Data Wrangling Project

Movie Success Criteria Analysis (Using IMDB datasets)

Data Import

IMDB 5000 Movie Dataset from Kaggle

This dataset contains 28 variables about 5,043 movies spanning across 100 years in 66 countries. There are 2399 unique director names, and thousands of actors/actresses.

Since Kaggle requires a username and password to download the dataset, I am sourcing the same data from my Github library here

More information about the dataset can be found on the Kaggle page here.

Data Import Code:

library(tibble)
url <- "https://github.com/yash91sharma/projectX/raw/master/movie_metadata.csv"
movie <- as_data_frame(read.csv(url, stringsAsFactors = FALSE))
class(movie)

## [1] "tbl_df"     "tbl"        "data.frame"

colnames(movie)

##  [1] "color"                     "director_name"            
##  [3] "num_critic_for_reviews"    "duration"                 
##  [5] "director_facebook_likes"   "actor_3_facebook_likes"   
##  [7] "actor_2_name"              "actor_1_facebook_likes"   
##  [9] "gross"                     "genres"                   
## [11] "actor_1_name"              "movie_title"              
## [13] "num_voted_users"           "cast_total_facebook_likes"
## [15] "actor_3_name"              "facenumber_in_poster"     
## [17] "plot_keywords"             "movie_imdb_link"          
## [19] "num_user_for_reviews"      "language"                 
## [21] "country"                   "content_rating"           
## [23] "budget"                    "title_year"               
## [25] "actor_2_facebook_likes"    "imdb_score"               
## [27] "aspect_ratio"              "movie_facebook_likes"

dim(movie)

## [1] 5043   28

Data Preview

Preview of the full dataset:

library(DT)
datatable(head(movie,50))

Data Description

Below is the table containing the the variable names, types and a short description.

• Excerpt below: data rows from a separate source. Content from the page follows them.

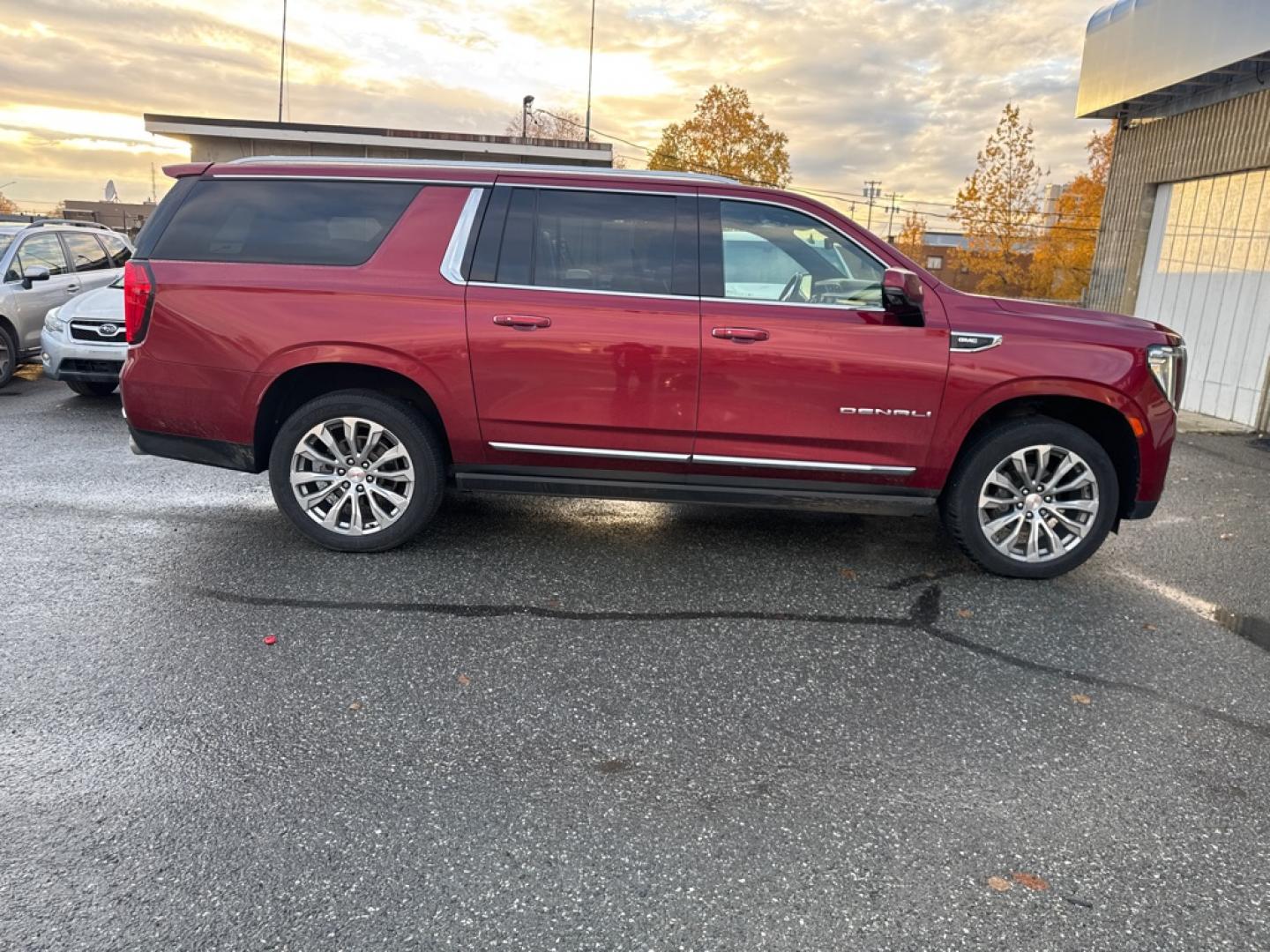 2021 RED GMC YUKON XL DENALI (1GKS2JKL0MR) with an 6.2L engine, Automatic transmission, located at 929 East 8th Ave, Anchorage, AK, 99501, (907) 274-2277, 61.214783, -149.866074- Photo#1
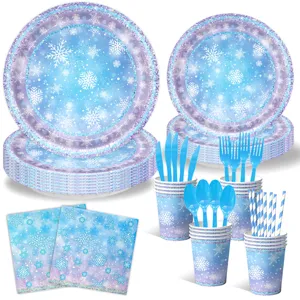 Winter Schneeflocken Party Geschirr Set Details mit Glitzer Papptellern und Bechern.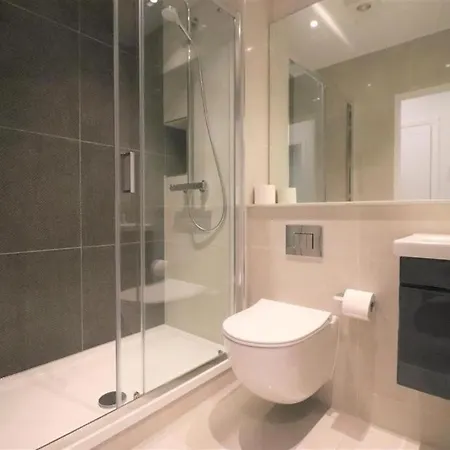 Apartment 30 Minutes To Central London Uxbridge Exterior photo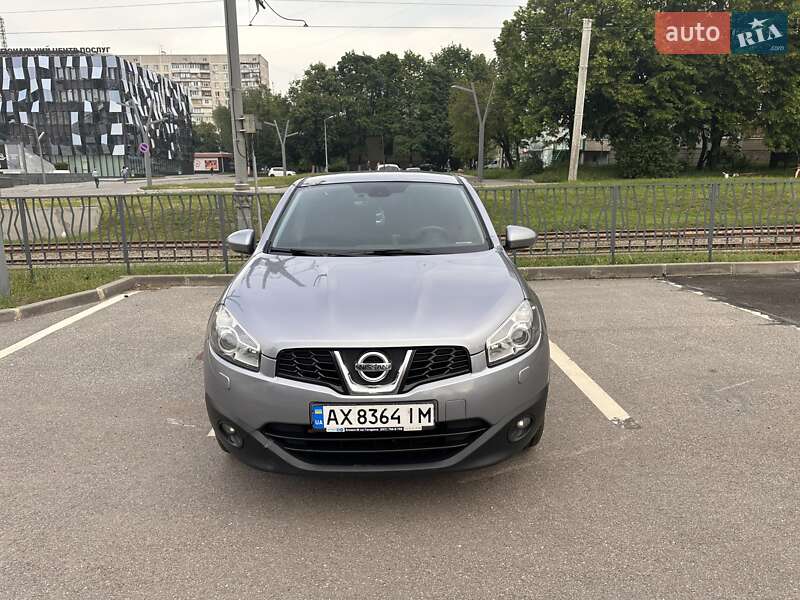 Позашляховик / Кросовер Nissan Qashqai 2011 в Харкові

Variable.type <- lapply(movie,class)
Variable.desc <- c("Specifies if it was color/black & white movie",
"Name of movie director","Number of critics who reviewed",
"Duration of the movie (minutes)","Number of likes on director's FB page",
"Number of likes on 3rd actor's FB page","Name of second actor",
"Number of likes on 1st actor's FB page","Gross earning by the movie ($)",
"Genres of the movie","Name of the first actor",
"Title of the movie","Number of users voted on IMDB",
"Total facebook likes for all cast members","Name of the third actor",
"Number of the actor who featured in the movie poster",
"Keywords describing the movie plot","IMDB link of the movie",
"Number of users who gave a review","Language of the movie",
"Country the movie was produced in",
"Content rating of the movie","Budget of the movie ($)",
"Year the movie released in","Number of facebook likes for actor 2",
"IMDB score for the movie (out of 10)","Aspect ratio the movie was made in",
"Number of facebook likes")
Variable.name1 <- colnames(movie)
data.desc <- as_data_frame(cbind(Variable.name1,Variable.type,Variable.desc))
colnames(data.desc) <- c("Variable Name","Data Type","Variable Description")
library(knitr)
kable(data.desc)

Variable Name	Data Type	Variable Description
color	character	Specifies if it was color/black & white movie
director_name	character	Name of movie director
num_critic_for_reviews	integer	Number of critics who reviewed
duration	integer	Duration of the movie (minutes)
director_facebook_likes	integer	Number of likes on director’s FB page
actor_3_facebook_likes	integer	Number of likes on 3rd actor’s FB page
actor_2_name	character	Name of second actor
actor_1_facebook_likes	integer	Number of likes on 1st actor’s FB page
gross	integer	Gross earning by the movie ($)
genres	character	Genres of the movie
actor_1_name	character	Name of the first actor
movie_title	character	Title of the movie
num_voted_users	integer	Number of users voted on IMDB
cast_total_facebook_likes	integer	Total facebook likes for all cast members
actor_3_name	character	Name of the third actor
facenumber_in_poster	integer	Number of the actor who featured in the movie poster
plot_keywords	character	Keywords describing the movie plot
movie_imdb_link	character	IMDB link of the movie
num_user_for_reviews	integer	Number of users who gave a review
language	character	Language of the movie
country	character	Country the movie was produced in
content_rating	character	Content rating of the movie
budget	numeric	Budget of the movie ($)
title_year	integer	Year the movie released in
actor_2_facebook_likes	integer	Number of facebook likes for actor 2
imdb_score	numeric	IMDB score for the movie (out of 10)
aspect_ratio	numeric	Aspect ratio the movie was made in
movie_facebook_likes	integer	Number of facebook likes

Missing Values

There are 3,801 rows which do not have any missing value.For Character values missing values are blanks, while numeric variables have missing values as NAs.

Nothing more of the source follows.